Des mois après les émeutes de mai 2024, le constat est amer : les entreprises calédoniennes en paient encore le prix. La reconstruction économique s’annonce longue, incertaine et lourde de conséquences.
Des entreprises encore exsangues
Les violences n’ont pas seulement marqué les esprits : elles ont ravagé le tissu économique local. Au deuxième trimestre 2025, 34 % des entreprises déclarent une activité réduite de plus de moitié par rapport à la normale, dont 11 % quasiment à l’arrêt. Seules 3 % constatent une hausse.
Le climat des affaires illustre cette crise profonde : après un effondrement de 18 points au cœur des troubles, il ne remonte que difficilement pour atteindre 88,2 au deuxième trimestre 2025, loin des niveaux de stabilité d’avant-crise.
Derrière ces statistiques se cachent des magasins fermés, des chantiers stoppés, des ateliers silencieux.
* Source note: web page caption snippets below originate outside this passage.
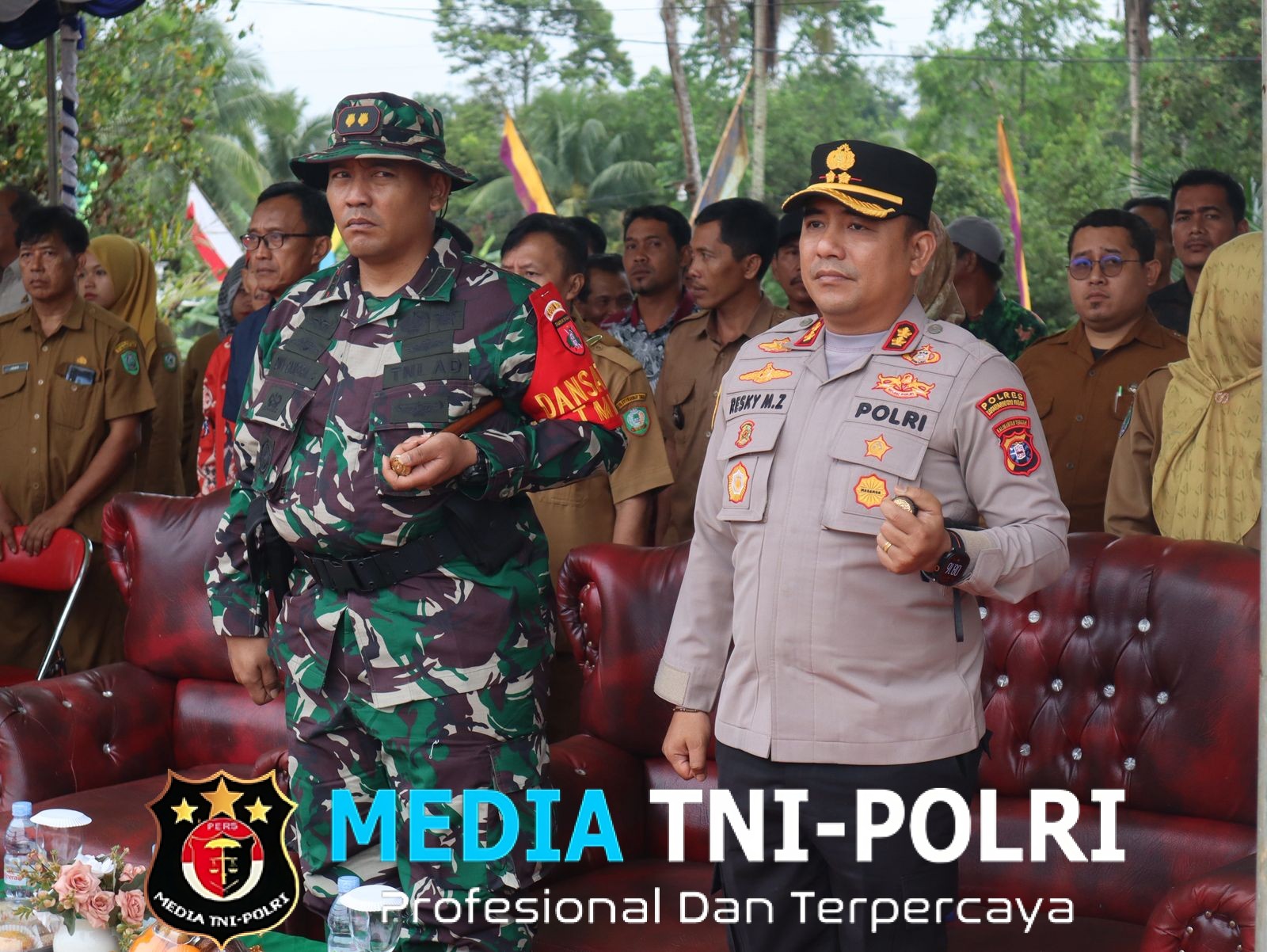 Kapolres Kotim Hadiri Upacara Pem bukaan TNI Manunggal Membangun Desa Ke-127 TA 2026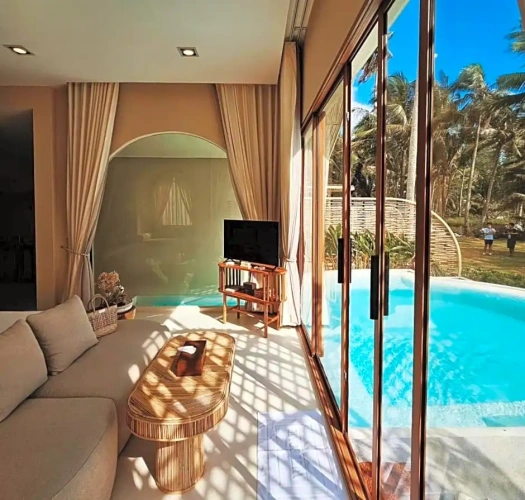 Villa beachfront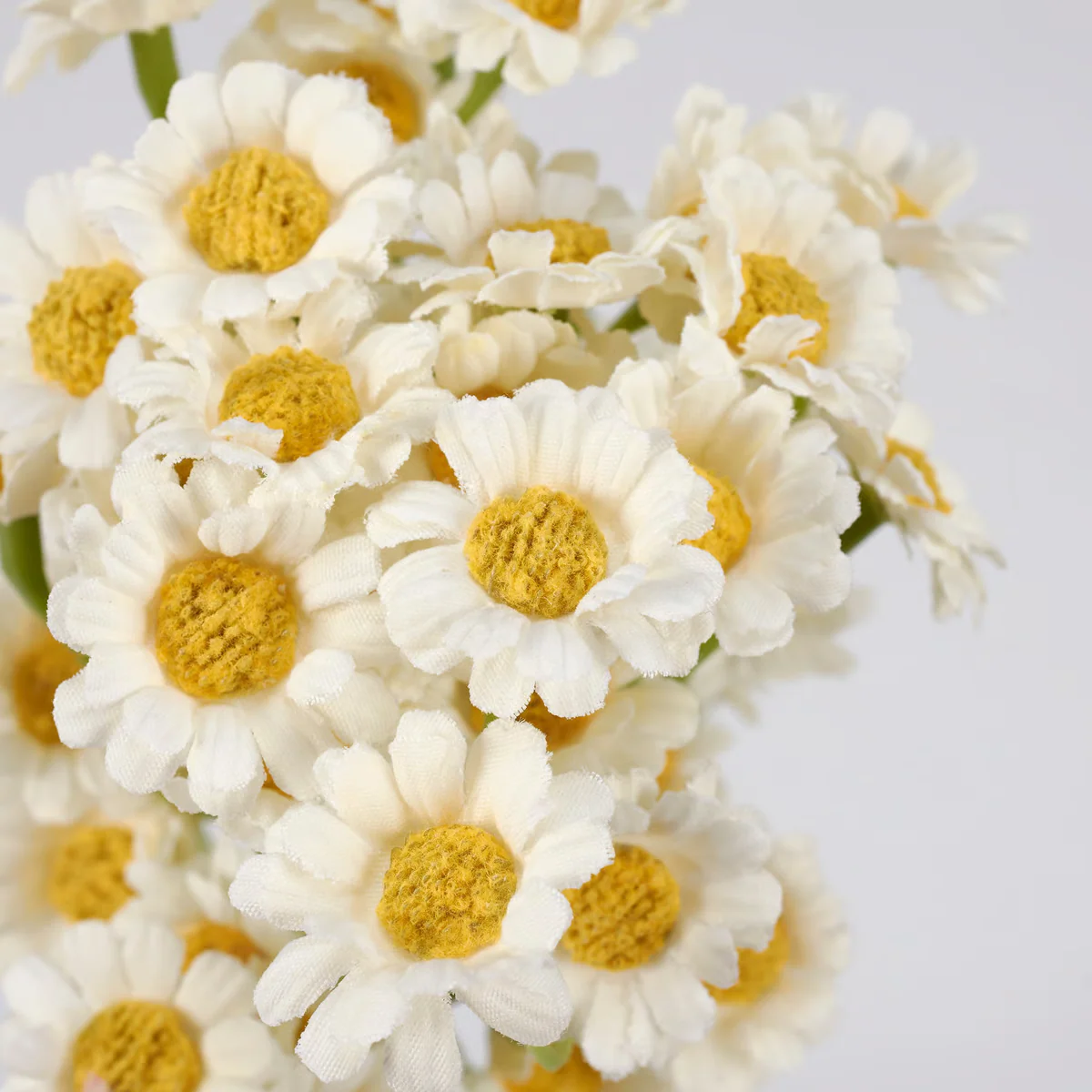 Miniature White Daisies 10.75" Faux Floral Bouquet - Image 3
Des milliers de salariés, de familles et de chefs d’entreprise subissent les conséquences directes des violences, qui ont plongé l’économie calédonienne dans une spirale difficile à briser.
Une reprise retardée et une peur généralisée
L’avenir inquiète les dirigeants. 62 % estiment que le retour à la normale prendra plus d’un an – un chiffre en hausse constante (46 % au 3ᵉ trimestre 2024, 54 % au 4ᵉ, 60 % au 1er trimestre 2025). À l’inverse, seuls 2 % croient en une reprise en moins de six mois.
La crainte de la faillite explose : 36 % des entreprises redoutent une défaillance dans les douze prochains mois, contre 18 % en moyenne en 2023. Même avant les émeutes, dans un contexte minier déjà fragile, elles n’étaient que 28 % à exprimer une telle inquiétude.
Les perspectives pour 2025 confirment cette morosité :
deux entreprises sur trois anticipent une dégradation de leur activité (66 %),
près des deux tiers craignent une trésorerie en berne (63 %),
six sur dix prévoient une baisse des commandes (61 %),
et près de la moitié envisagent des réductions d’effectifs (48 %).
Le mécanisme est implacable : moins de commandes signifie moins de trésorerie, donc moins d’emplois. L’économie s’enferme dans une boucle négative où l’investissement et la croissance sont étouffés par l’incertitude.
Assurances limitées et dépendance aux aides publiques
Comme si cela ne suffisait pas, l’IEOM révèle que 19 % des entreprises ne seront pas indemnisées par leur assurance, et 9 % ne sont même pas couvertes. Parmi celles qui le sont, les remboursements restent très variables :
16 % obtiennent moins de 50 % d’indemnisation,
20 % entre 50 et 75 %,
et seulement 19 % bénéficient d’un dédommagement quasi total.
En clair, près d’un chef d’entreprise sur deux ne dispose pas d’une couverture suffisante pour se relever. Sans garanties solides, il est presque impossible d’investir à nouveau, de rouvrir ou d’embaucher.
Face à cette impasse, l’État et les collectivités locales ont mis en place des dispositifs d’urgence : chômage partiel, reports de charges fiscales et sociales, aides de trésorerie. Mais ces mesures révèlent aussi une dépendance croissante à la perfusion publique.
Au deuxième trimestre 2025, les chiffres parlent d’eux-mêmes :
51 % des entreprises sollicitent le chômage partiel,
34 % demandent des reports de charges,
18 % réclament un soutien direct de trésorerie,
16 % recherchent d’autres formes d’aides,
et seules 16 % déclarent pouvoir s’en sortir sans assistance.
Ce dernier chiffre en dit long : une économie saine repose sur des acteurs autonomes et responsables, non sur une dépendance permanente à l’État. La crise a transformé de nombreux chefs d’entreprise en « assistés contraints », victimes d’un environnement instable et imprévisible.